The NDP government has taken another run at proving its devotion to Indigenous reconciliation, but all it did was widen the gulf between what it is saying and what it is doing in court.

It’s the second time in a month the government has staged an announcement that is negated by an incongruous court case that the attorney general’s lawyers are fighting.

The glaring difference emerged last month when the government announced a sweeping action plan on how reconciliation principles will be knitted into the entire body of B.C. law.

Sounded good. Except the elaborate unveiling of the action plan came near the outset of a lengthy B.C. Supreme Court trial where B.C. is contesting every aspect of a small Vancouver Island First Nation’s title claim to about 200 square kilometres of Nootka Island.

Now, a month later, the attorney general has issued “Directives on Civil Litigation Involving Indigenous Peoples.” It pushes the disparity to the point where you’d think the government must have forgotten it’s in court fighting the Nuchatlaht First Nation.

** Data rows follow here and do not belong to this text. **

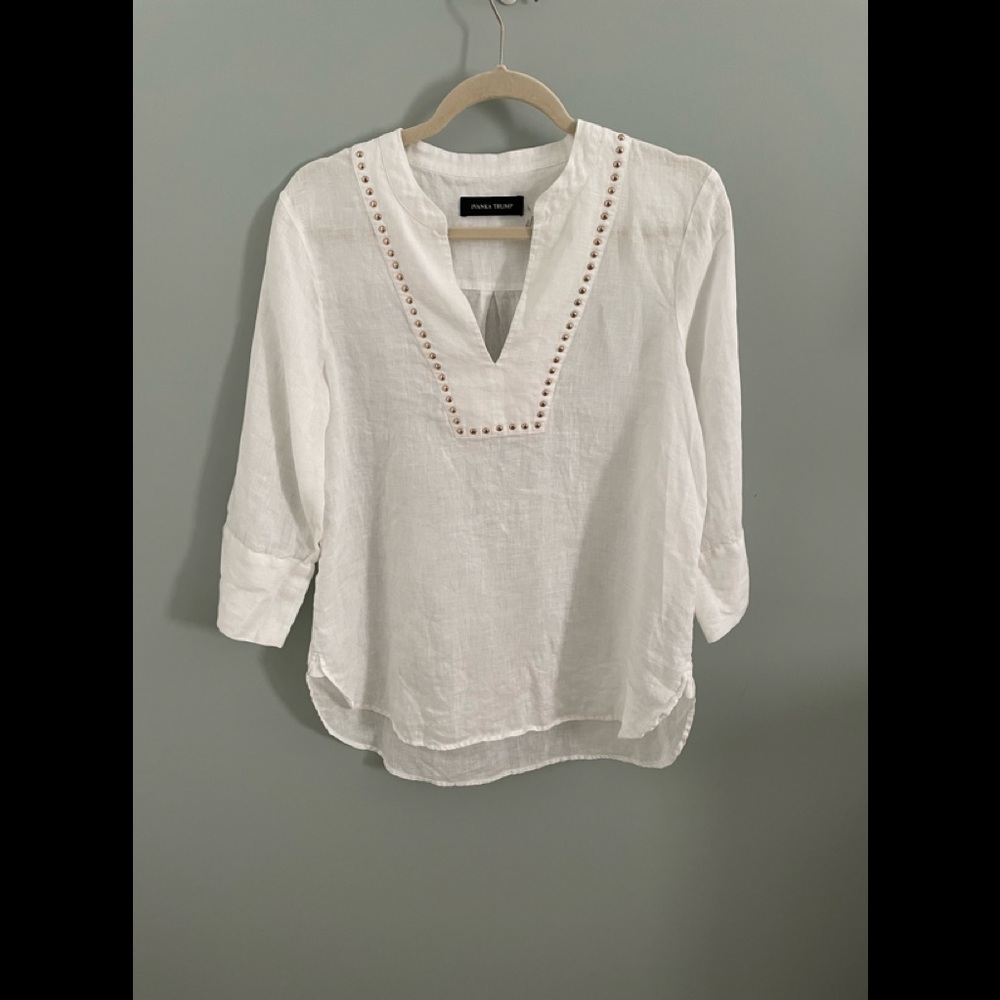 Ivanka Trump size SP 100% white linen top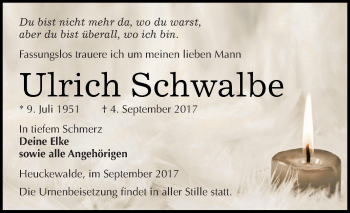 Traueranzeige von Ulrich Schwalbe von Super Sonntag Zeitz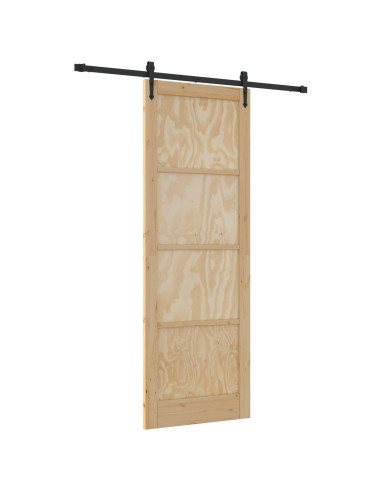 Porta scorrevole ORKDAL Naturale e Nero 83 x 232 cm
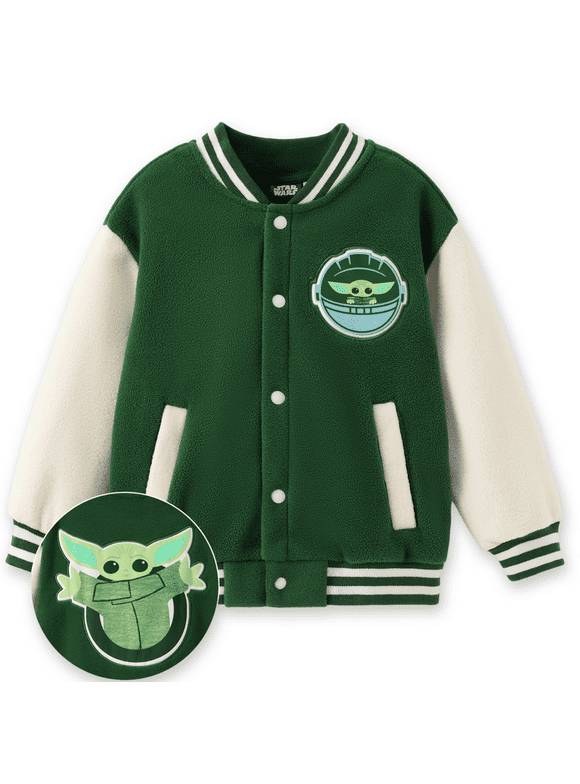 Star Wars Boys Girls Fleece Bomber Jackets Baby Yoda Graphic Winter Plush Outerwear Coats 6-7Y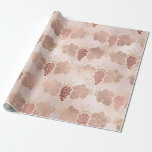 Papel De Presente Ouro Rosa e Blush tema vinho francês<br><div class="desc">Papel de embrulho com padrão de vinha de uva vintage de Paris.</div>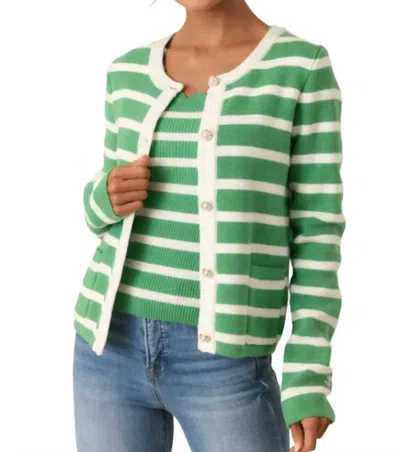 Prosperina Kennedy Cardigan In Green Tea Stripe In Multi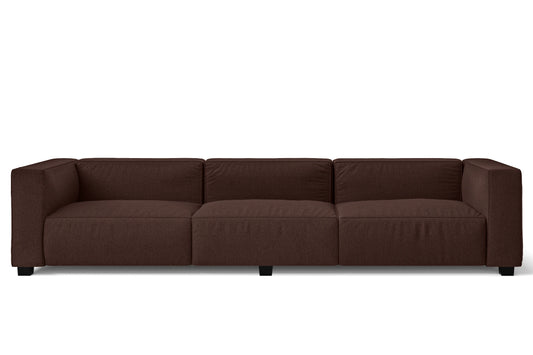 Taranto 4 Seater Sofa Coffee Brown Linen Fabric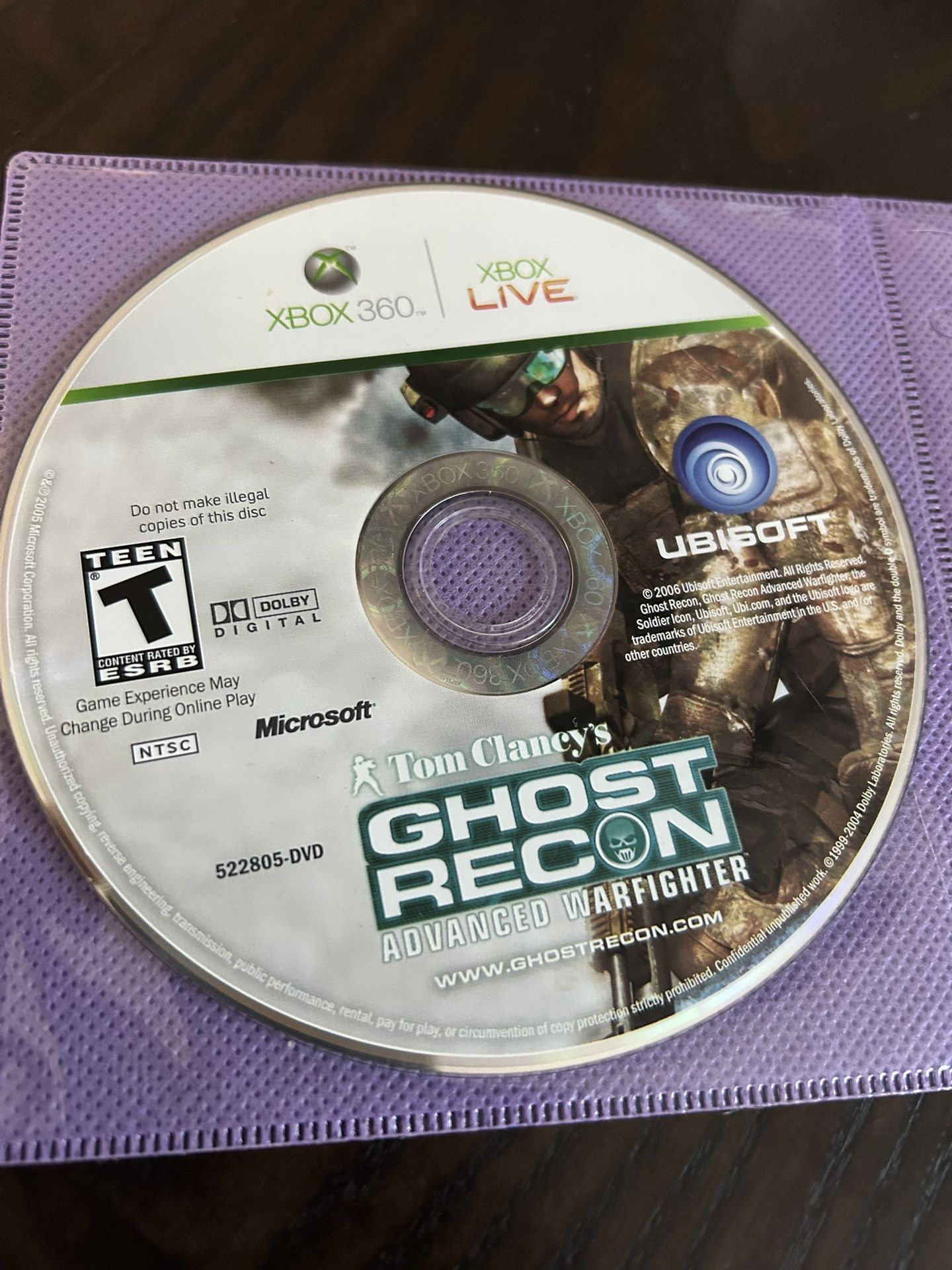 Tom Clancy Ghost Recon Microsoft Xbox 360 Video Game No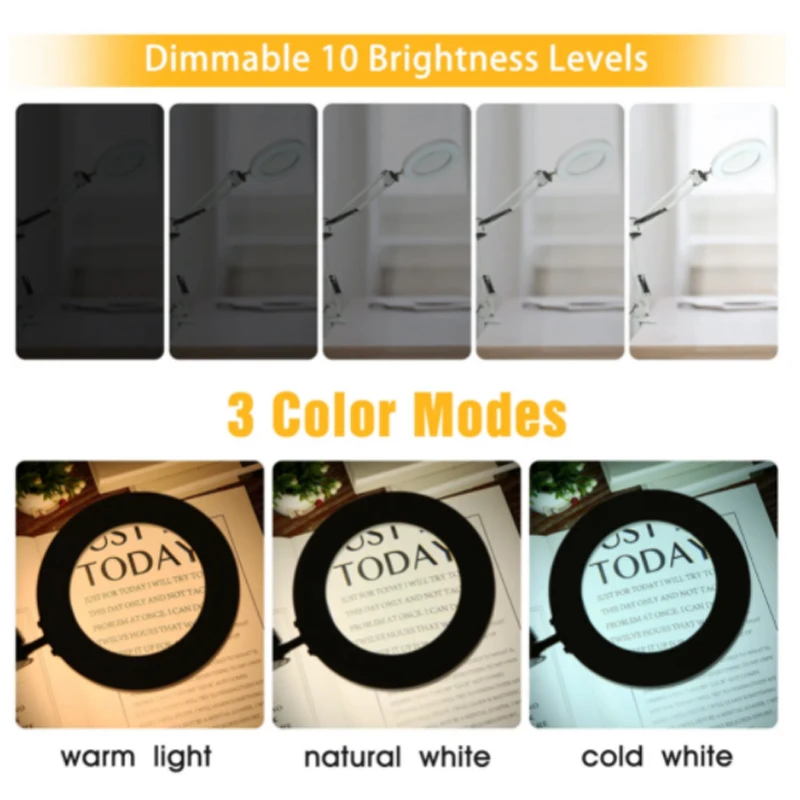 Lupa Iluminada con 72 LED 8X/10X, Nueva, con USB, 3 Colores de Luz LED, para Soldadura, Reparación, Lámpara de Mesa, Cuidado de la Piel y Belleza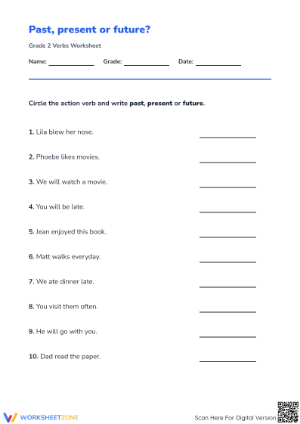 Essential Verb Tenses Worksheet | Grade 2 Printable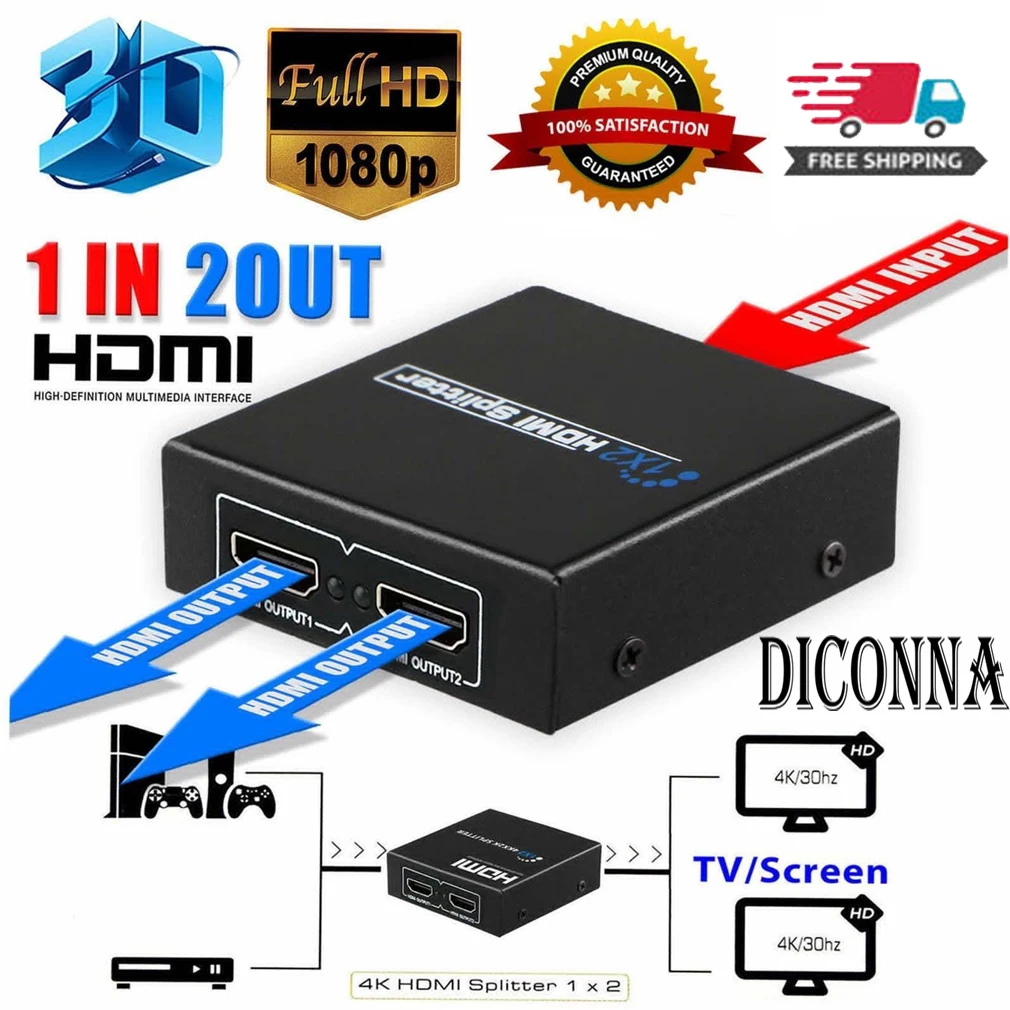 HD Full HDMI 1X2 Splitter ретранслятор усилители домашние 3D 1080 P 4 к переключатель коробка 1 в 2 из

The small band of scarcely 160 people is laying claim to a big chunk of Nootka Island on the west coast. The government’s defence denies that the band was a true First Nation and also whether its members really occupied the area in question two centuries ago, among many other points.

Even if you accept that some disputes are inevitable and will wind up in court, it’s a bit much for the NDP to keep trumpeting its dedication to reconciliation when it’s going in the other direction in court.

And the case is not just some one-off issue that cropped up. The Nuchatlaht case has been building for several years, and the government has contested it throughout.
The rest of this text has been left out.